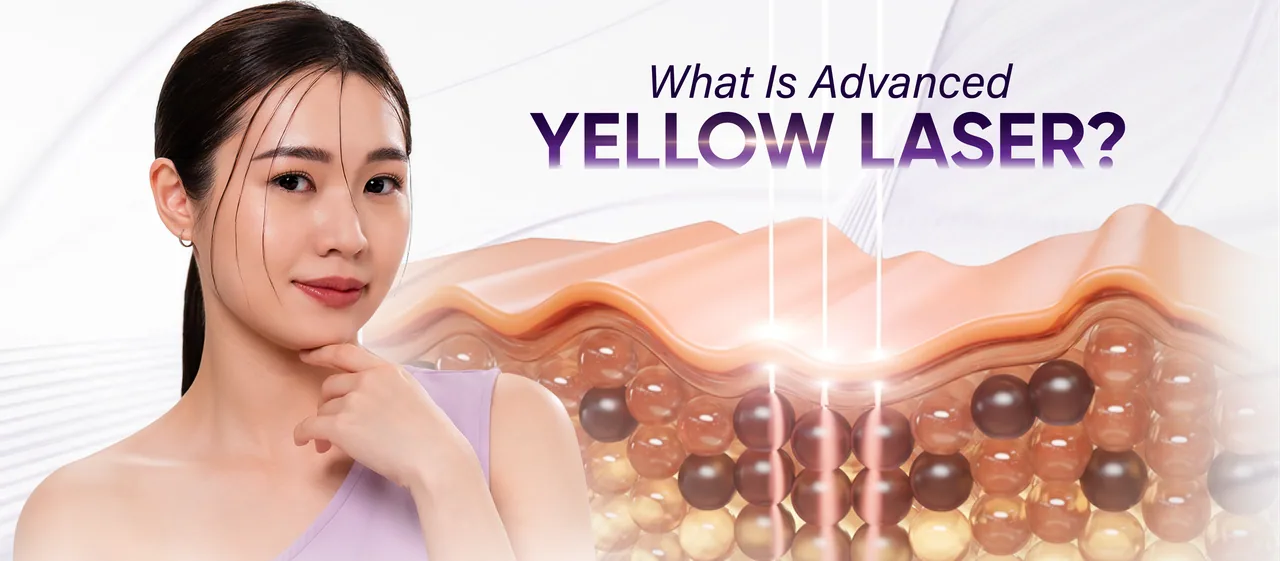 What is Advanced Yellow Laser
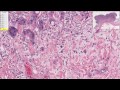 Cancerous Colon Tissue Video Tutorial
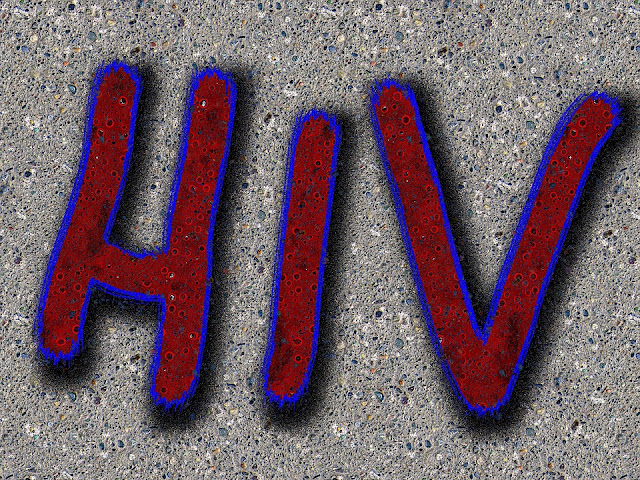 hiv aids,hiv,aids
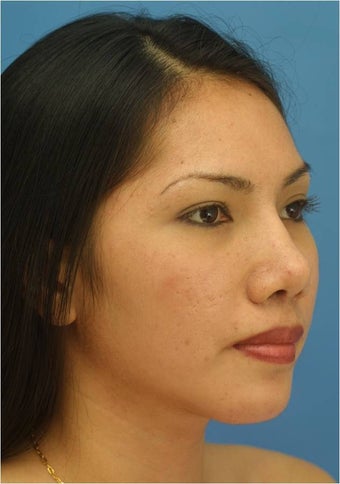 Rhinoplasty after 421673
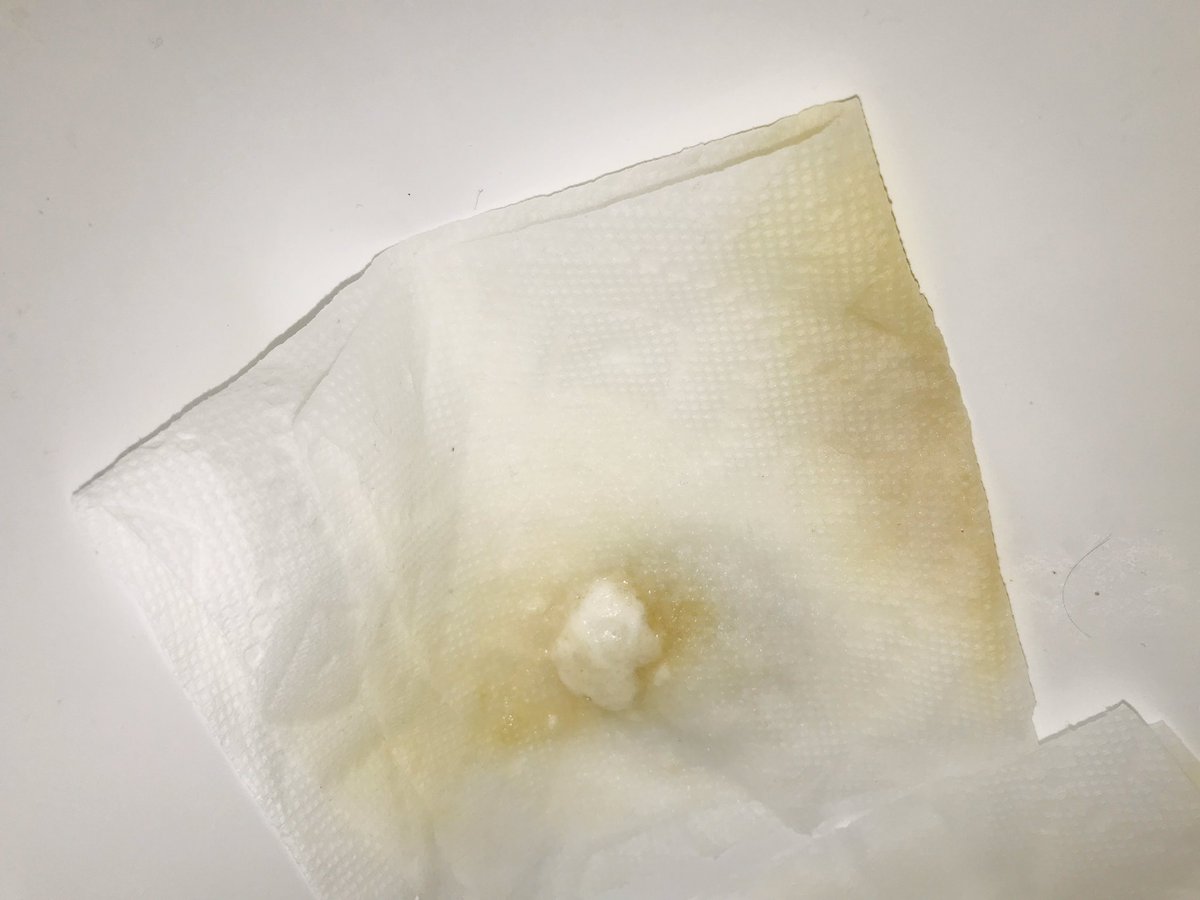 cefiedlerdog's tweet photo. I’m not a bio chemist but had many classes.  So compound that is reliant on its protein makeup to survived Cov19 SARS etc. any compote that has free Hydrogen radicals available will disable spread and kill? Thus. Hydrochloriquen and zpack. Hyperoxide 3secs. https://t.co/YAi0509u9N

^^^^^^^^^^^^^^^^

INSTRUCTIONS FOR THE TASK:
Reproduce precisely the lines of the entries above, from the one containing "hiv aids,hiv,aids" through the final one, both ends included, and omit the pictures.

WRITTEN SOLUTION:
 hiv aids,hiv,aids
 Rhinoplasty after 421673
 cefiedlerdog's tweet photo. I’m not a bio chemist but had many classes.  So compound that is reliant on its protein makeup to survived Cov19 SARS etc. any compote that has free Hydrogen radicals available will disable spread and kill? Thus. Hydrochloriquen and zpack. Hyperoxide 3secs. https://t.co/YAi0509u9N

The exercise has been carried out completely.